População dos EUA, porém, não consegue fazer a ponte entre o falar e o agir

Segundo pesquisadores, sociedade não está disposta a abrir mão de hábitos e conforto para preservar o ambiente, mas sabe cobrar


DENYSE GODOY
DE NOVA YORK

Está em toda parte. É o assunto de debates na televisão diariamente. Tema de documentários, livros, shows musicais e até gincanas que as escolas promovem para as crianças e suas famílias. Aparece em qualquer tipo de site na internet. E vira apelo nos guardanapos dos restaurantes, em placas nas lojas e em outros estabelecimentos comerciais: conserve, recicle, não desperdice.
Muito bem, os americanos perceberam que são sérios os problemas do aquecimento global, da escassez de água e da poluição.

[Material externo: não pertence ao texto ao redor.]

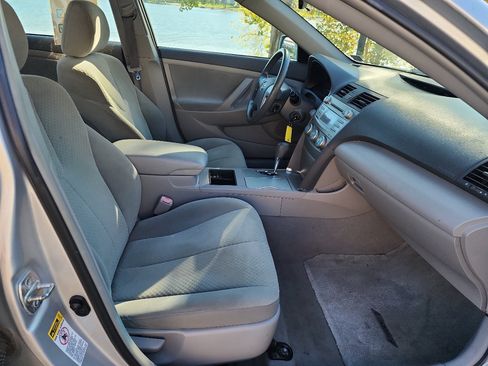 Used 2008 Toyota Camry LE image 12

Entretanto do discurso à ação o caminho é bem longo. "As pessoas nos EUA acreditam que a situação pode ficar grave e querem que alguém faça alguma coisa -mas, de preferência, alguém que não elas mesmas", diz Anthony Leiserowitz, diretor do Projeto Sobre Mudança Climática da Escola de Estudos Florestais e Ambientais da Universidade Yale.
Leiserowitz é estudioso de riscos ecológicos, políticas públicas e comportamento e já fez grandes pesquisas a respeito de desenvolvimento sustentável também no Reino Unido, no México, na Argentina e no Brasil. Quanto aos americanos, concluiu, eles apóiam tratados internacionais como o Protocolo de Kyoto, a idéia de fabricar veículos menos poluentes e a regulação da emissão de gases de efeito estufa. "Porém, ao perguntarmos às pessoas se concordam em pagar mais por combustíveis ou energia elétrica -uma forma de limitar o consumo desses itens-, observamos forte resistência", conta.
"Elas não estão preparadas para pagar o preço", acrescenta Howard Herzog, engenheiro do Laboratório para Energia e Ambiente do MIT (Instituto de Tecnologia de Massachusetts).
Quando olham para os lados buscando identificar quem possa tomar uma atitude concreta em defesa do planeta para que eles mesmos não precisem abrir mão de seus hábitos e padrão de vida, os americanos freqüentemente colocam no centro do alvo as empresas. Segundo pesquisa realizada pela consultoria Cone, 93% deles acreditam que as companhias são responsáveis pela preservação do ambiente, principalmente reduzindo a poluição que emitem e fabricando produtos e usando embalagens ecológicas.
Sem saída, visto que 85% dos consumidores pensariam em trocar de marca por causa de práticas ambientalmente negativas por parte de uma empresa, as companhias têm cedido e lutam para corresponder às expectativas. Por exemplo, a IBM desenvolveu um novo tipo de semicondutor que requer menos eletricidade; a Starbucks convidou designers famosos para decorar seu guarda-sol símbolo e leiloará as peças, revertendo a renda para uma ONG ambientalista; o Wal-Mart vai começar a utilizar energia solar em alguns hipermercados; gigantes como General Electric, DuPont, Caterpillar e Alcoa anunciaram uma aliança para pressionar o Congresso e a Casa Branca por uma lei que limite a emissão de gases de efeito estufa.

Fazendo diferença
"Os EUA se encontram em um interessante momento de transição. Existe a consciência ecológica, mas não se sabe ainda o tamanho e a duração desse movimento", explica Leiserowitz. "Os americanos não entendem como individualmente podem fazer a diferença."
Na opinião de Lee Bodner, diretor-executivo da EcoAmerica -ONG dedicada a "fazer com que os americanos ambientalmente agnósticos se engajem"-, o problema é que alguns aspectos ainda soam abstratos demais para uma parcela da população. "Grosso modo, entre os mais escolarizados o aquecimento global faz sentido. Os outros estão preocupados com questões mais imediatas, locais, como a qualidade da água que bebem ou do ar que respiram", comenta. A maioria também pensa que, se houver uma catástrofe, será daqui a 50 ou cem anos.
Herzog não está otimista com a evolução do cenário: "As pessoas estão mais atentas aos riscos ecológicos, é um progresso, mas não é suficiente. Precisa virar uma prioridade na vida de cada um -e isso só se consegue com educação, o que leva tempo". O pesquisador avalia que o governo dos EUA tem papel fundamental, "porque, voluntariamente, vai ser difícil os americanos pouparem energia. São necessárias leis". Ademais, ao dar o exemplo, o país que mais produz gases de efeito estufa pode acabar liderando uma transformação mundial.